To do:
Your job is to return the whole listing unchanged while skipping its images.

Recorded information:
-=-=-

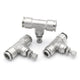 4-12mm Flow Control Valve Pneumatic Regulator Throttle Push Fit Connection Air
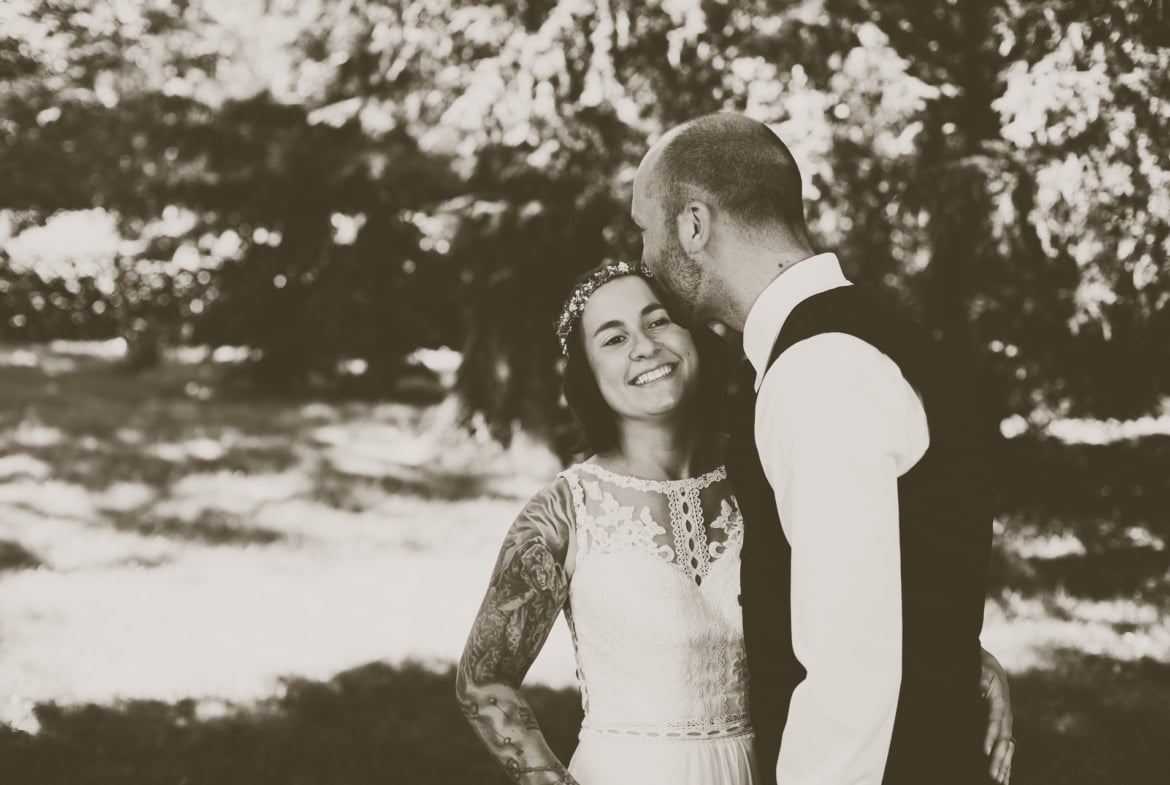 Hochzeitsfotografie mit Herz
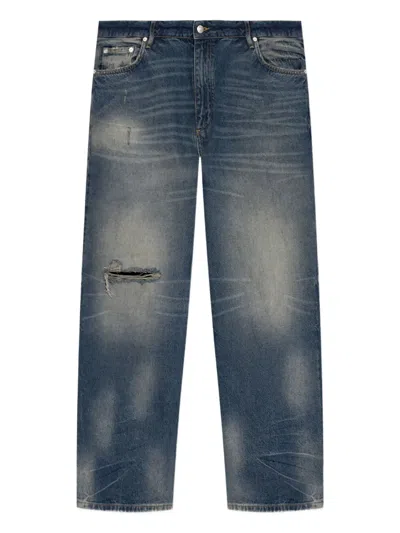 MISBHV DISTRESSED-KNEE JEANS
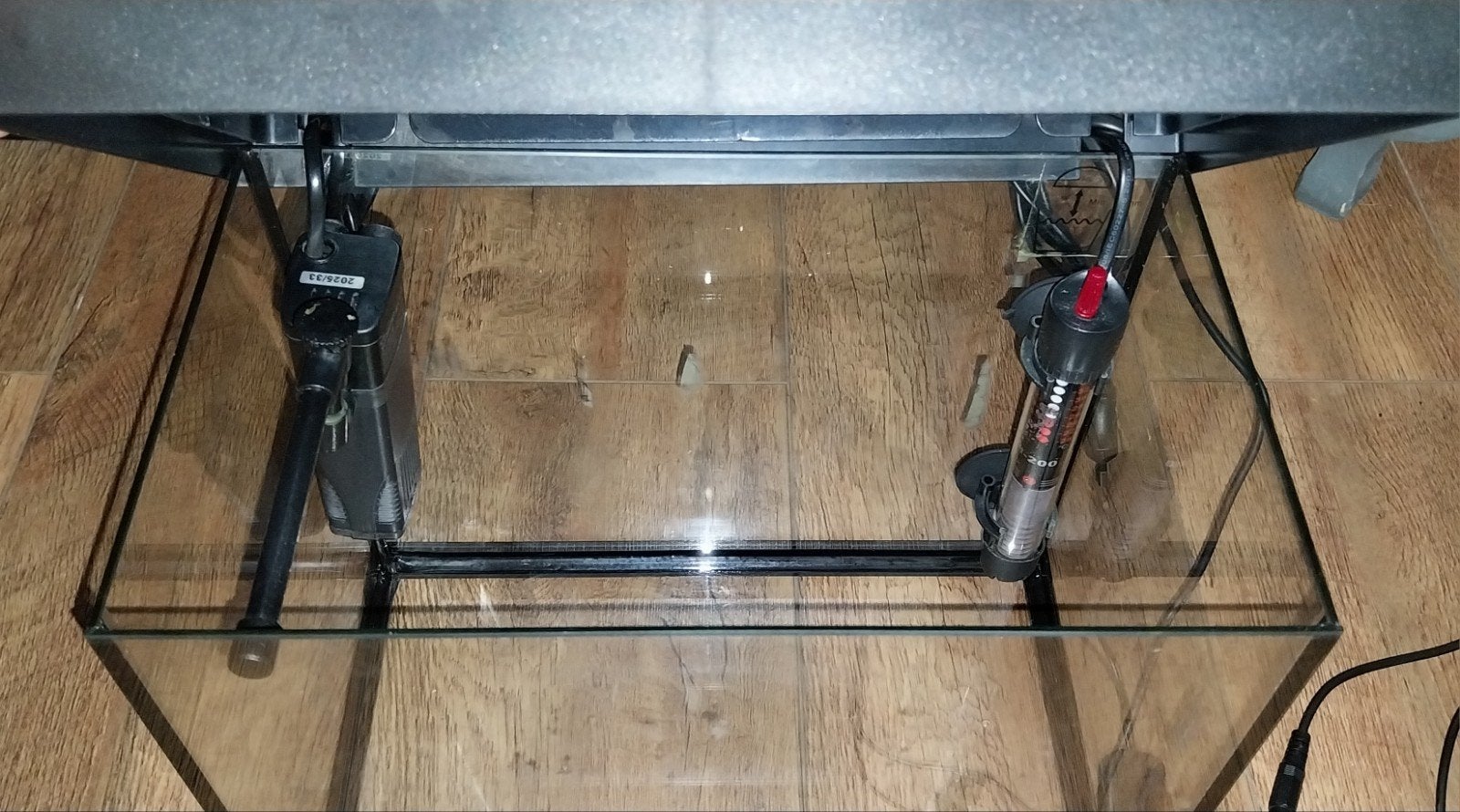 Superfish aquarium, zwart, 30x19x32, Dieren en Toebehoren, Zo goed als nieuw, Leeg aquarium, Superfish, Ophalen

-=-=-

Result of this exercise:
 4-12mm Flow Control Valve Pneumatic Regulator Throttle Push Fit Connection Air
 Hochzeitsfotografie mit Herz
 MISBHV DISTRESSED-KNEE JEANS
 Superfish aquarium, zwart, 30x19x32, Dieren en Toebehoren, Zo goed als nieuw, Leeg aquarium, Superfish, Ophalen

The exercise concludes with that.